Splitting a string at all whitespace

I need to split a string at all whitespace, it should ONLY contain the words themselves.

How can I do this in vb.net?

Tabs, Newlines, etc. must all be split!

This has been bugging me for quite a while now, as my syntax highlighter I made completely ignores the first word in each line except for the very first line.

13.10.2009 21:23:10
See also possible duplicate with SplitStringOptions to remove the extra whitespace. stackoverflow.com/questions/6111298/…
goodeye 1.02.2016 01:24:18
7 ОТВЕТОВ
РЕШЕНИЕ

String.Split() (no parameters) does split on all whitespace (including LF/CR)

24
13.10.2009 21:27:31
Why didn't they include that as an overload lol? Thanks so much!
Cyclone 13.10.2009 21:31:30
because it resolves to the Split(params char[]) overload, with an empty array. The documentation for that overload mentions this behavior.
Jimmy 13.10.2009 22:14:04
CAUTION: As Johannes Rudolph mentions in his answer, if there are multiple whitespace characters in a row, String.Split will contain empty elements. That is why Rubens Farias answer is superior.
ToolmakerSteve 3.09.2014 00:32:12
Adam Ralph's solution of using String.Split().Where(...) has quicker performance than the Regex solution. I posted test results below.
u8it 10.09.2015 20:14:52
@ToolMakerSteve - to remove empty elements String.Split(new char[] {}, StringSplitOptions.RemoveEmptyEntries)
Joe 12.01.2018 11:52:35

Try this:

Regex.Split("your string here", "\s+")
20
13.10.2009 21:32:13
It's C#. you should be fine without.
Jimmy 13.10.2009 21:29:59
Dim words As String = "This is a list of words, with: a bit of punctuation" + _
                          vbTab + "and a tab character." + vbNewLine
Dim split As String() = words.Split(New [Char]() {" "c, CChar(vbTab), CChar(vbNewLine) })
-1
13.10.2009 21:26:41

String.Split() will split on every single whitespace, so the result will contain empty strings usually. The Regex solution Ruben Farias has given is the correct way to do it. I have upvoted his answer but I want to give a small addition, dissecting the regex:

\s is a character class that matches all whitespace characters.
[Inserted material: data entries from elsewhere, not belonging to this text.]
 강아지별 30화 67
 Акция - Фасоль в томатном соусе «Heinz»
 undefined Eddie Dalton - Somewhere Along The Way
In order to split the string correctly when it contains multiple whitespace characters between words, we need to add a quantifier (or repetition operator) to the specification to match all whitespace between words. The correct quantifier to use in this case is +, meaning "one or more" occurrences of a given specification. While the syntax "\s+" is sufficient here, I prefer the more explicit "[\s]+".

2
7.08.2010 18:11:32
As usual, we now have two problems instead of one... ;-)
Adam Ralph 13.01.2015 13:39:19

If you want to avoid regex, you can do it like this:

"Lorem ipsum dolor sit amet, consectetur adipiscing elit"
    .Split()
    .Where(x => x != string.Empty)

Visual Basic equivalent:

"Lorem ipsum dolor sit amet, consectetur adipiscing elit" _
    .Split() _
    .Where(Function(X$) X <> String.Empty)
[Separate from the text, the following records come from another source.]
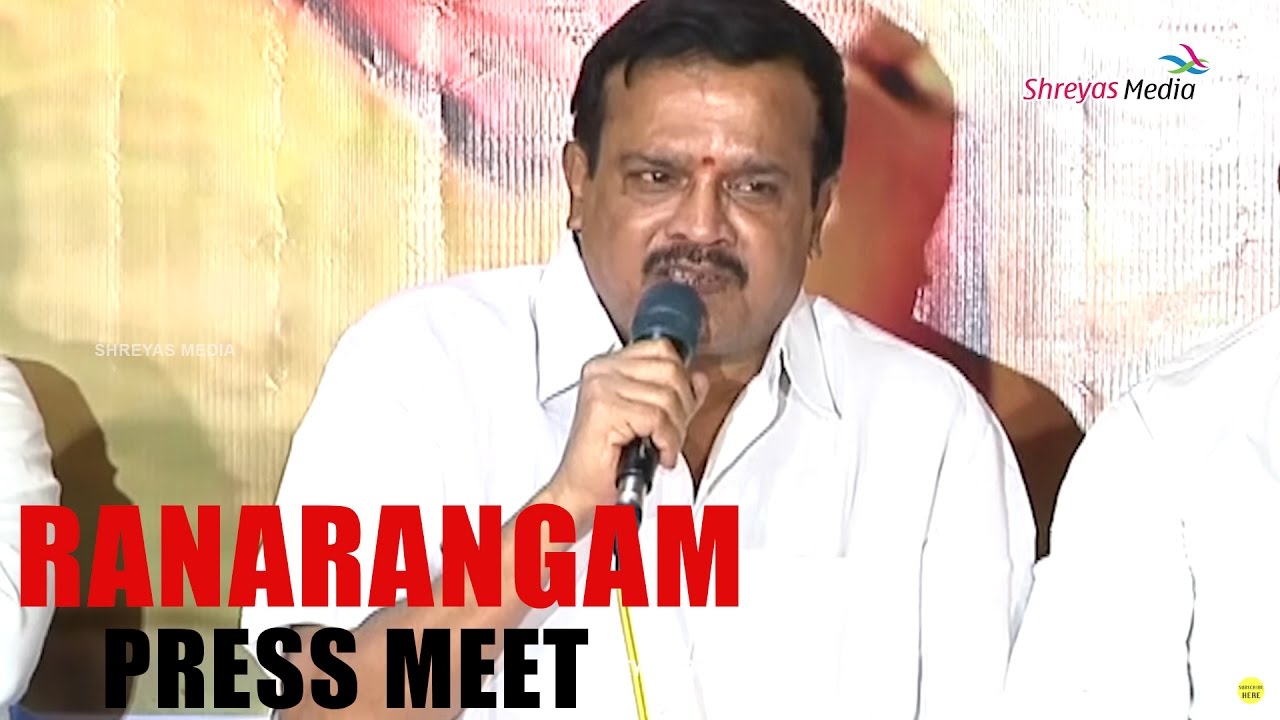 Ranarangam Movie Title Announcement Press Meet | Latest Telugu Movie 2017 | Shreyas Media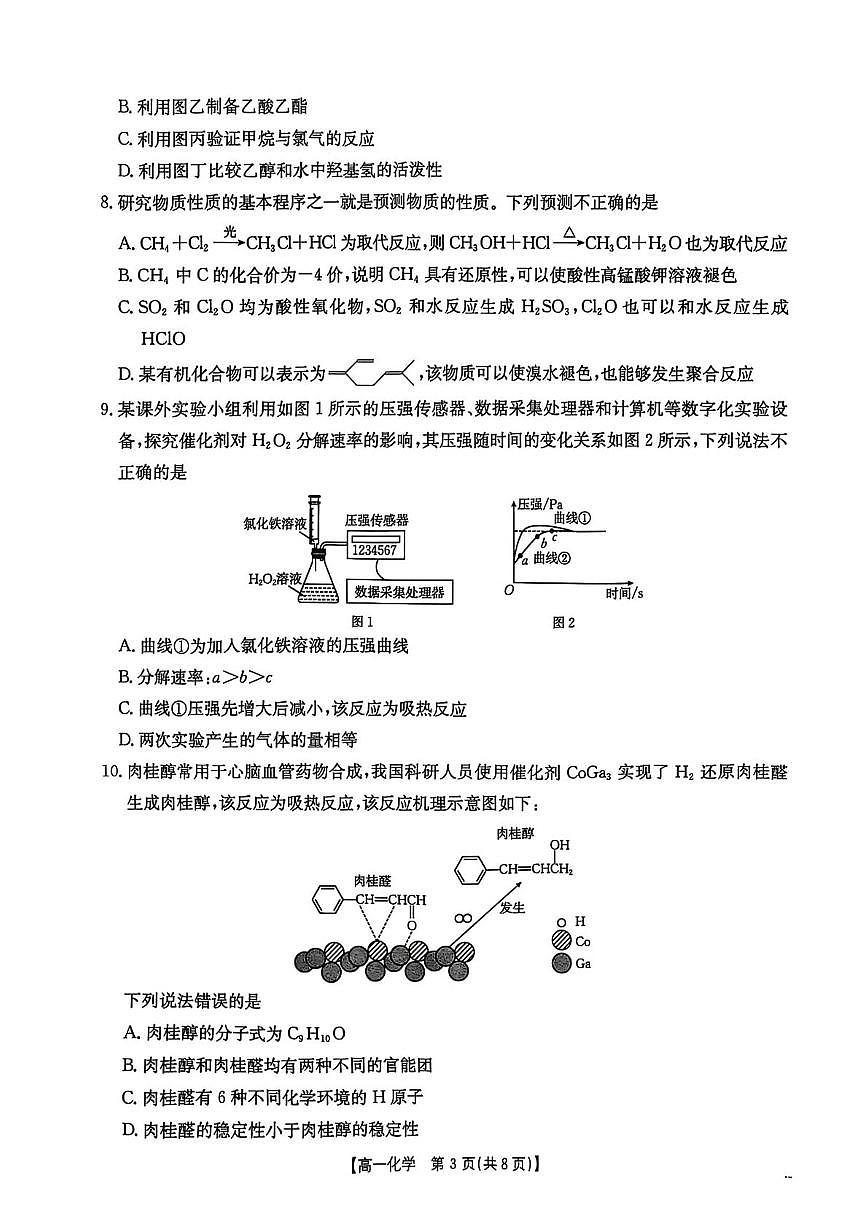 江西省三新协同教研共同体2024-2025学年高一下学期5月联考化学试卷（PDF版附解析）第3页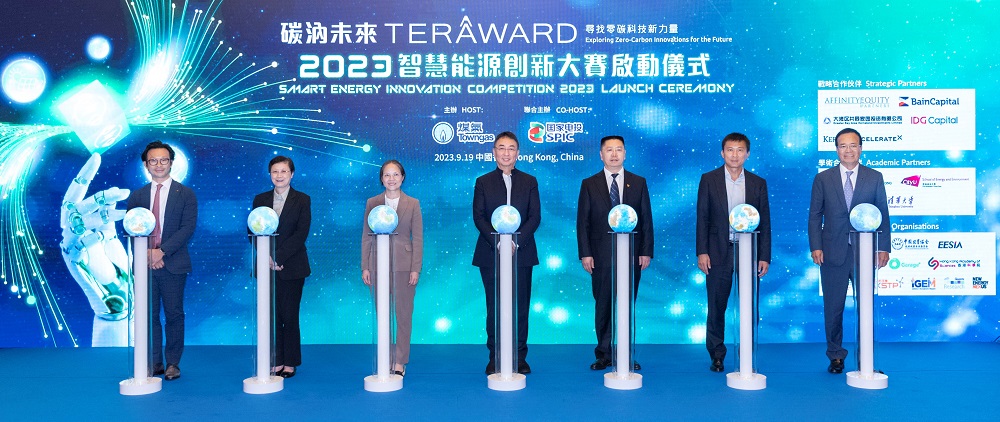 百萬元大獎，尋找零碳科技新力量! 第三屆TERA-Award“碳汭未來”智慧能源創(chuàng)新大賽全球啟動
The Where() is important since, if your string has multiple white space characters next to each other, it removes the empty strings that will result from the Split().

At the time of writing, the currently accepted answer (https://stackoverflow.com/a/1563000/49241) does not take this into account.

5
18.05.2019 10:36:16
great solution. Not only does it avoid the need for a Regex reference but it's also quicker (see my post below). I'd like to add that I don't think VB makes use of the lambda operator "=>", so the VB version of this is a little different, I think like this: s.Split().Where(Function(x) x <> String.Empty)
u8it 10.09.2015 19:54:34
Hey @u8it, I have added a VB .NET version to this answer. I just read your comment a few days after editing the answer!!!
Sreenikethan I 13.05.2019 18:29:14
@Sree your edit is incorrect. The Visual Basic version is not the equivalent of the C# version because it uses String.IsNullOrWhiteSpace() instead of the != operator to compare with String.Empty. Can you please fix it? I don't know what the Visual Basic syntax for that is.
Adam Ralph 14.05.2019 19:10:20
@Adam I have put a Not, as in Not String.IsNullOrWhiteSpace(X))… the Not operator negates a Boolean value. Is that what you were telling about?
Sreenikethan I 15.05.2019 20:18:34
I've tried my edit with a sample string as well (before posting the edit), and it worked perfectly as asked by OP. Am I missing anything you said?
Sreenikethan I 16.05.2019 02:19:35

So, after seeing Adam Ralph's post, I suspected his solution of being faster than the Regex solution. Just thought I'd share the results of my testing since I did find it was faster.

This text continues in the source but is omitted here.